The problem right now, and one that will be solved by mass adoption, is that Blu-ray’s demographic is still very much concentrated in your typical enthusiast/early adopter/video gamer (thanks to the PS3). Male, likes action/sci-fi flicks, don’t mind paying over the odds for new releases. A great demographic for a premium video format, but not yet good enough to become a mainstream format. But to fully appreciate Blu-ray, you really need material to show it off, and that’s the action/sci-fi movies with booming surround sound. Not sure what one can get from watching romantic films in high def, and the extra details of skin imperfections might actually hurt.

And if BD doesn’t work, try 3D. At least that’s what the electronic manufacturers are thinking, with the on-going CES show giving us many 3D TV prototypes. 3D has always been used to generate interest when all else fails, but while I like 3D, I just don’t think the technology is here yet to fully show it off. If someone can make a 3D TV without the need for glasses, or at the very least, a 3D system that won’t make me nauseous (I’m nauseous enough right now, thank you very much) and has proper colours, then I’m all for it. Otherwise, a gimmick won’t help anyone. 

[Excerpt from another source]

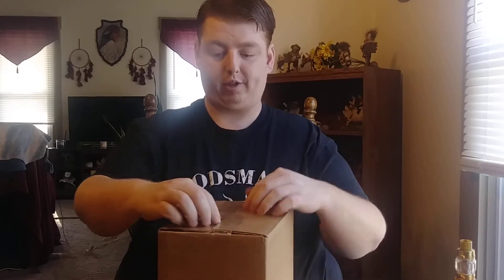Backspace Monkey TV got another great vape review for you. We got our first vape mail package in the mail today from CB Distributors. Let's go ahead and open it up and see what's in there.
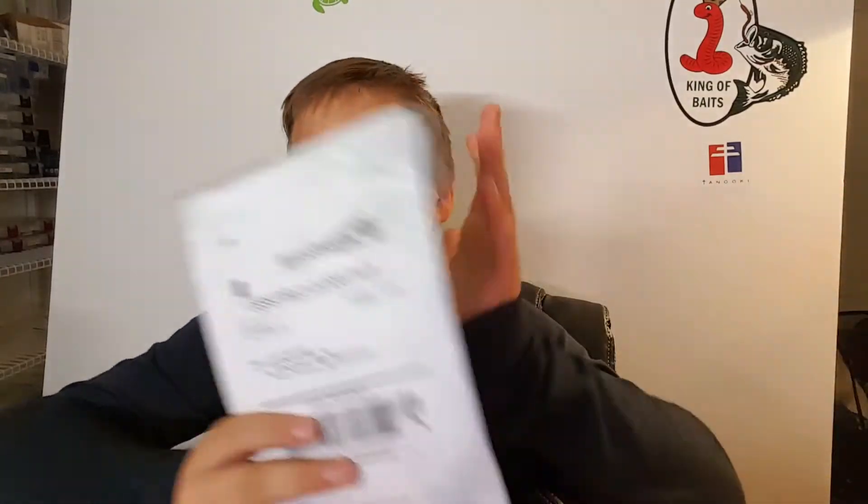Hey guys, welcome to another episode of MD Bassmaster Fishing. Today I'm gonna do an unboxing from Line Cutters. This was sent to me. If you guys don't know, it's a ring with blades on the side of it so you can cut line, so you don't need to pull out your knife or your scissors.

And as mentioned earlier, DivX 7 was released and I had a couple of blog posts that talked about it, including some early tests with the DivX Converter software that supports H.264 encoding. If you want to quickly get into H.264 without the fuss of configuring encoding options and such, then DivX Converter is recommended, as the produced files can be easily made to be PS3/Xbox 360 compatible in a minute or two (I might write a guide on how to get the MKV to MP4, using MKVtoolnix and MKVExtractGUI – edit: guide now up).

GamingAnd in gaming, nothing much is happening at the moment but the NPD figures should be out this week or next, and early reports suggest another win for the Wii, with the Xbox 360 in a distant second, and the PS3 doing not so well.  

Anyway, that’s all I have the energy for this week. Hope you have a itch free week, not much chance of me having one though.